Battle Over Cities - Hard Version

It is vitally important to have all the cities connected by highways in a war. If a city is conquered by the enemy, all the highways from/toward that city will be closed. To keep the rest of the cities connected, we must repair some highways with the minimum cost. On the other hand, if losing a city will cost us too much to rebuild the connection, we must pay more attention to that city.

Given the map of cities which have all the destroyed and remaining highways marked, you are supposed to point out the city to which we must pay the most attention.

Input Specification:

Each input file contains one test case. Each case starts with a line containing 2 numbers N (≤500), and M, which are the total number of cities, and the number of highways, respectively. Then M lines follow, each describes a highway by 4 integers: City1 City2 Cost Status where City1 and City2 are the numbers of the cities the highway connects (the cities are numbered from 1 to N), Cost is the effort taken to repair that highway if necessary, and Status is either 0, meaning that highway is destroyed, or 1, meaning that highway is in use.

Note: It is guaranteed that the whole country was connected before the war.

Output Specification:

For each test case, just print in a line the city we must protest the most, that is, it will take us the maximum effort to rebuild the connection if that city is conquered by the enemy.

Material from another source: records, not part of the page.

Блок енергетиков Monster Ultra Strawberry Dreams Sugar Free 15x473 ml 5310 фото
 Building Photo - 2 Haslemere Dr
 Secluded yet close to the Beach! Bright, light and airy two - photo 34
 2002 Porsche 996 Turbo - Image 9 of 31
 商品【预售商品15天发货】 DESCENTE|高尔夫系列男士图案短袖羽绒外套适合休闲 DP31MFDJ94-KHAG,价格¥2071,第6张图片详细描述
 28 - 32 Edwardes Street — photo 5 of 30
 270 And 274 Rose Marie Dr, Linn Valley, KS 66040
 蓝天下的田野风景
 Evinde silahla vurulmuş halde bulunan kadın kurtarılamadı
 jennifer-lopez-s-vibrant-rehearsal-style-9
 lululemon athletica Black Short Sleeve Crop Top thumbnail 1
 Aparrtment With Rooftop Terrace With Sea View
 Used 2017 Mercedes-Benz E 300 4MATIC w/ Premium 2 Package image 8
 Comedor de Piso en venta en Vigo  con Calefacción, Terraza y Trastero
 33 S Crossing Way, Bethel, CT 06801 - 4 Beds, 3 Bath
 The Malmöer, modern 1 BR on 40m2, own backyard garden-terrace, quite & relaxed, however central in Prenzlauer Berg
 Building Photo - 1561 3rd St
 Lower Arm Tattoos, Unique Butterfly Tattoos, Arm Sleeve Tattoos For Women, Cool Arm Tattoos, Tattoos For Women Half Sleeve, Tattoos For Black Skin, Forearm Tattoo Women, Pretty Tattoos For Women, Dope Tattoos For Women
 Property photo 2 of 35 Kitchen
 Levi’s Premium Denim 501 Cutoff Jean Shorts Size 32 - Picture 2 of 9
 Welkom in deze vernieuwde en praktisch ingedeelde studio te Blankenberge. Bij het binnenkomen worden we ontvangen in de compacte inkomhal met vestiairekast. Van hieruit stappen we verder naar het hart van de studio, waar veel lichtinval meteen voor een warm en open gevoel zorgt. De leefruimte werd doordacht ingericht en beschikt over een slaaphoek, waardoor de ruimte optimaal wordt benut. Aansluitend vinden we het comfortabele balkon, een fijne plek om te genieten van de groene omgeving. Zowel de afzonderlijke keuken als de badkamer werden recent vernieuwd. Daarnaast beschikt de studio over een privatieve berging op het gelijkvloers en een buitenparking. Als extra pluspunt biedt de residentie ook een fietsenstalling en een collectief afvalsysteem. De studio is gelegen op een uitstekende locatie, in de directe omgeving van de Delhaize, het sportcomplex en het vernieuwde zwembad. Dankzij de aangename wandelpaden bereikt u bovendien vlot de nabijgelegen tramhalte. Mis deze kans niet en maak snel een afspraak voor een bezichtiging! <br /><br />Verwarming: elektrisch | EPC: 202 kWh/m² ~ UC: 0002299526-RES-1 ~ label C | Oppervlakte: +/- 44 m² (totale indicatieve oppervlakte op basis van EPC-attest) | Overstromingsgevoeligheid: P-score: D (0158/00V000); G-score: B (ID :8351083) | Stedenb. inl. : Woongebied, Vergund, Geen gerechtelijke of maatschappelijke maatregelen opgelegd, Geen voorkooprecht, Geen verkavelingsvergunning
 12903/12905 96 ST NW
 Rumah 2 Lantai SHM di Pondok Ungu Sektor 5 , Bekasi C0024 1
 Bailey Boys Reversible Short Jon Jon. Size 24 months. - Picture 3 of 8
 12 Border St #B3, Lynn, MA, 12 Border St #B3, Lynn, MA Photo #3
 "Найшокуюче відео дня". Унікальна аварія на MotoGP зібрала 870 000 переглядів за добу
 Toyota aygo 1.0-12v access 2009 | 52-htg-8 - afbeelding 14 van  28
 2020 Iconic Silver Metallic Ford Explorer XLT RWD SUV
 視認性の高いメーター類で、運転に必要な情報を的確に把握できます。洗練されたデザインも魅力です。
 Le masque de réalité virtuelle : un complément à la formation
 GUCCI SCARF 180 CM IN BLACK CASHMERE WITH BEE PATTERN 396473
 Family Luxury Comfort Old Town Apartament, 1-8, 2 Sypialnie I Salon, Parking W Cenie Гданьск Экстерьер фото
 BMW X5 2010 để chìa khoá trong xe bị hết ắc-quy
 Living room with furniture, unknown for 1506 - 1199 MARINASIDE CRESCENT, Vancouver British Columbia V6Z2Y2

In case there is more than one city to be printed, output them in increasing order of the city numbers, separated by one space, but no extra space at the end of the line. In case there is no need to repair any highway at all, simply output 0.

Sample Input 1:

4 5
1 2 1 1
1 3 1 1
2 3 1 0
2 4 1 1
3 4 1 0

 

Sample Output 1:

1 2

 

Sample Input 2:

4 5
1 2 1 1
1 3 1 1
2 3 1 0
2 4 1 1
3 4 2 1

 

Sample Output 2:

0

#include<bits/stdc++.h>
using namespace std;
#define MAX 300000
#define INF 0x7fffffff
int root[505],costs[505];
struct route{
    int c1,c2,cost,status;
    void read(){scanf("%d%d%d%d",&c1,&c2,&cost,&status);}
    //重载小于，好的路径在前，cost递增
    bool operator <(const route& r){return r.status==status?cost<r.cost:status>r.status;}
}rou[MAX];
 
int getroot(int n)  //返回集合的根结点,并将路径上节点的父亲节点修改为根节点。
{
    return root[n]==n?n:root[n]=getroot(root[n]);
}
 
int main()
{
    //freopen("test.txt","r",stdin);
    int N,M,i,j,num;
    scanf("%d%d",&N,&M);
    for(i=0;i<M;++i)rou[i].read();
    sort(rou,rou+M);
    int ans=0;
    for(i=1;i<=N;++i){
        for(j=1;j<=N;++j)root[j]=j;
        costs[i]=0;num=N-2;//M-2条路
        for(j=0;j<M;++j){
            if(rou[j].c1==i||rou[j].c2==i)continue;//不计连接该点的所有路径
            int r1=getroot(rou[j].c1),r2=getroot(rou[j].c2);
            if(r1==r2)continue;//已经属于一个集合
            --num;  //集合个数减一
            root[r2]=r1;//合并两个集合
            if(!rou[j].status)costs[i]+=rou[j].cost;
        }
        if(num>0)costs[i]=INF;
        ans=max(ans,costs[i]);
    }
    if(ans){
        bool flag=0;
        for(i=1;i<=N;++i){
            if(costs[i]==ans){
                printf("%s%d",flag?" ":"",i);
                flag=1;
            }
        }
        return 0;
    }
    printf("0");
    return 0;
}